Looking at content through the lens of your core website strategy is freeing. While the strategy itself will always be subject to some degree of subjective interpretation and negotiation, it arms you with a clearly-stated goal for your content. And it outsources friction. Let the strategy be the bad guy. Let it decide what goes on your site, rather than internal politics, persuasive stakeholders, ill-defined production processes, or inertia.
You’ve got your spreadsheet of pages, and you’ve got your core website strategy. Next you need a process, and that’s where C.R.U.D. comes in. It’s a term appropriated from software development, and in this context the acronym stands for Create, Reuse, Update, and Delete.
C.R.U.D. is a three step process. Along the way, you’ll be tagging all of your content with an action that determines its fate.

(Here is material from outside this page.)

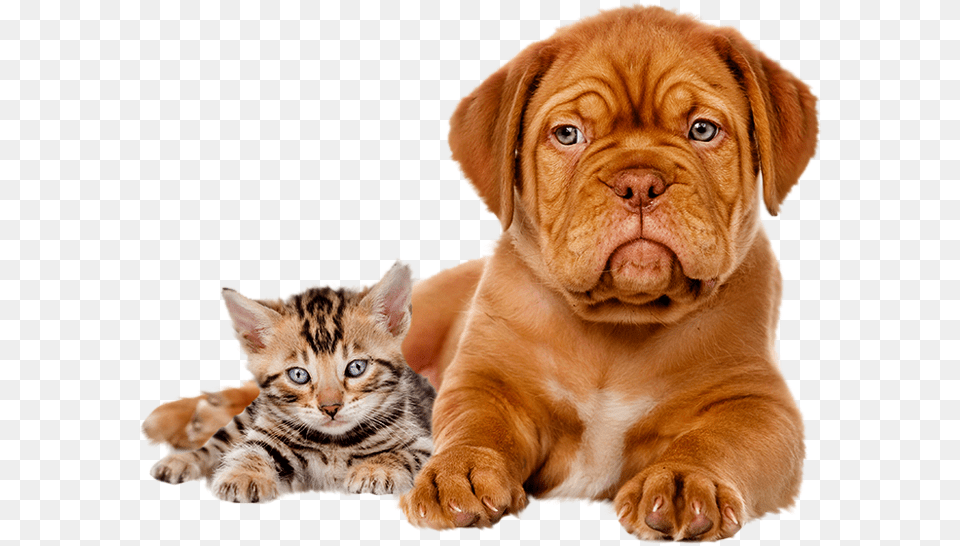 High Definition Dog And Cat, Animal, Canine, Kitten, Mammal Free Png Download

1. The first step is to evaluate the baseline quality of the content, thinking about it in terms of your core website strategy (that helpful guiding statement again). Is it relevant to your priority audiences? Does it uphold the communication goals you’ve laid out?
If no, mark it Delete. If yes, proceed to the next step.

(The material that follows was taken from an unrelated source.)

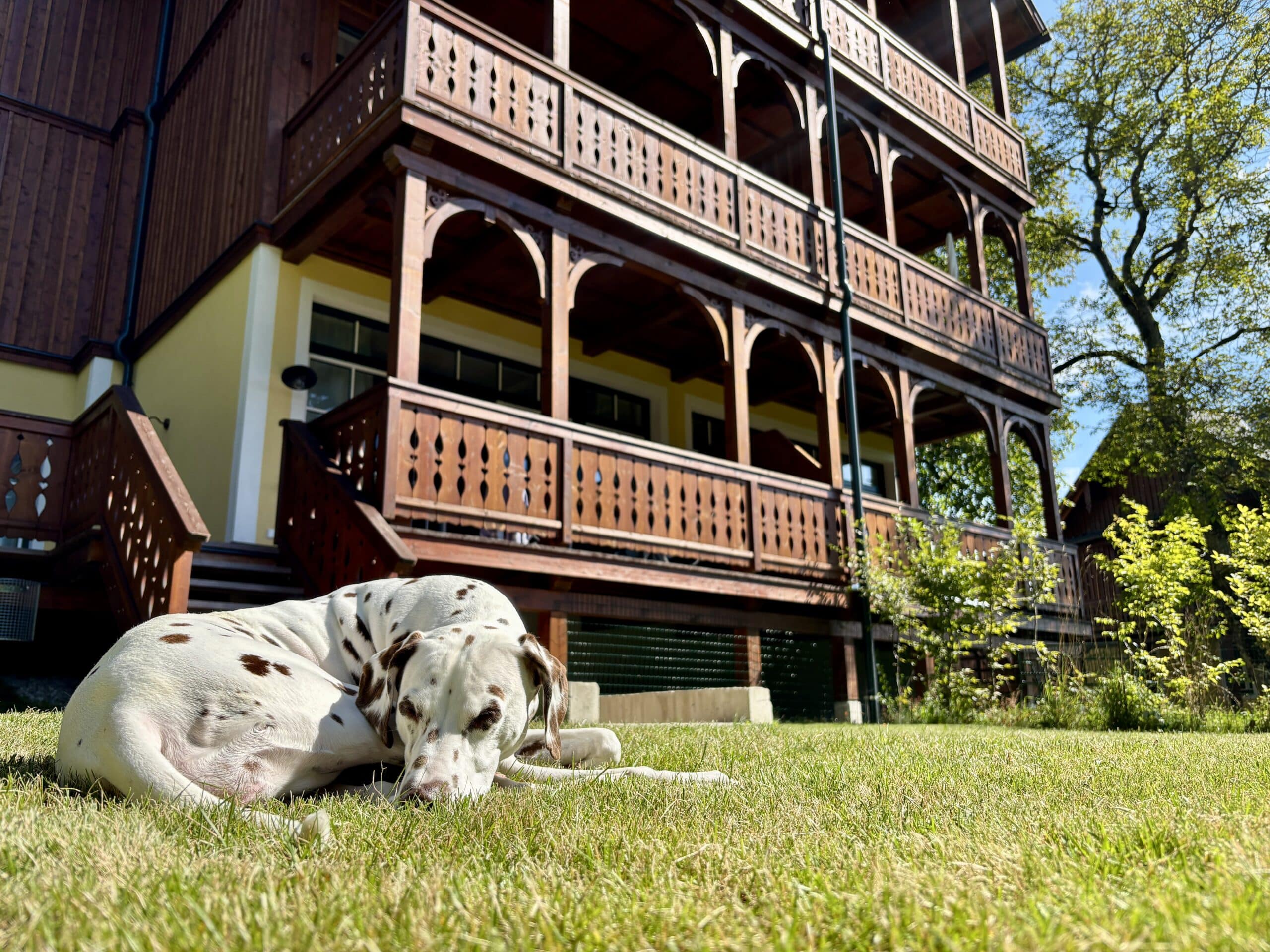 Dachstein Residenz Außenansicht; Landhaus im Ausseer Stil; Hund ligt im Garten; Urlaub mit Hund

2. Next you’ll do a brand evaluation and ask, is the content brand-compliant? Are the voice and tone true to your organization’s values?
If no, mark it Update. This content needs to be repositioned to be strategically valuable -- so you’ll need to rewrite it. If yes, proceed to the next step.
3. Finally, you’ll look at the content’s structure. Is it optimized for the web? Is it a single discrete topic of the right depth for a page? Is it accessible?
If it passes this test, mark it Reuse. Or, if it’s good quality, brand compliant content that’s not scannable or consumable on a mobile device, you’ll need to Update it.
In doing the evaluation, you may also discover gaps in your content. Start making a Create punch list with ideas that will allow you to fill those holes.
Now the real work begins
Congratulations, you’ve completed C.R.U.D. Three challenges lie ahead: actually hitting the big fat delete button on that content you know is no longer serving you, reworking the content that has the potential to be great, but needs a facelift, and making new, high quality stuff that’s going to support your core website strategy. (A challenge that never goes away.)
Content auditing -- like closet reorganization -- is not for the faint of heart. Who knows what you might unearth in there, and how much of a tussle it will be to part with. But, to quote another Japanese minimalism principle, “The best way to find out what we really need is to get rid of what we don't.”